# Titelleiste ändern



## SebiB90 (3. Mrz 2005)

ist es möglich die titelleiste von einem JFrame(JDialog) zuändern?
also andere farbe machen/andere grafik, eingene Buttons...
wenn ja wie?


----------



## mic_checker (3. Mrz 2005)

Andere Grafik:
public void setIconImage(Image image)


----------



## SebiB90 (3. Mrz 2005)

mit grafik meinte ich nicht das icon sondern eine grafik auf die ganze leiste


----------



## Roar (3. Mrz 2005)

setUndecorated(true);
und titelleiste selbst malen oder JRootPane das für dich übernehmen lassen.


----------



## The_S (3. Mrz 2005)

Passt ganz gut zu diesem Thread:

Kann man Buttons in der Titelleiste hinzufügen? Wie z.
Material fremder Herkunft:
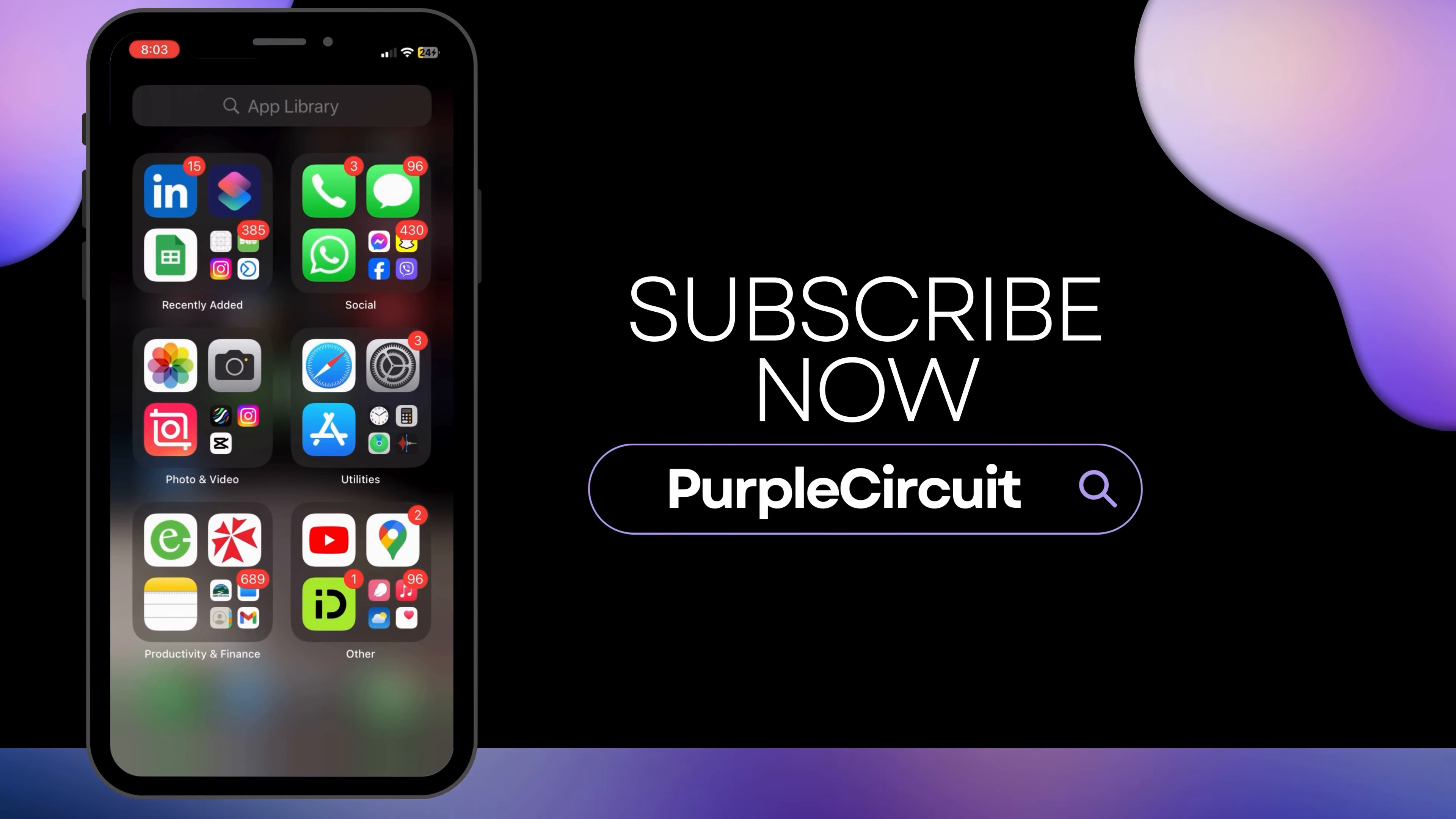And this is how you can easily turn green messages back to blue on iPhone. We hope this tutorial helped you. Thank you for watching and do subscribe to our channel for more useful videos.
B. das "?"? Dann müsste ich die Hilfe nämlich nicht immer in meine Maske direkt einbauen


----------



## Roar (3. Mrz 2005)

nein geht nicht außer es selbst zu malen (oder mit jni hahaha)


----------



## SebiB90 (4. Mrz 2005)

kann mir einer erklären wie das mit dem JRootPane geht?
irgendwie versteh ich dat nicht.


----------



## Roar (4. Mrz 2005)

guckst du JRootPane#setWindowDecorationStyle()


----------



## SebiB90 (5. Mrz 2005)

aber damit kann man nur die farbe ändern ich will da aber auch eigene Buttons drauf packen können und text drauf schreiben können
wie geht das?
und geht das auch das man die ecken abrunden kann? wenn ja wie?

_nachtrag:_
falls es auch hilft,ich wollte ein winamp ähnliches design machen, deswegen will/muss ich die titelleiste ändern können.


----------



## Roar (5. Mrz 2005)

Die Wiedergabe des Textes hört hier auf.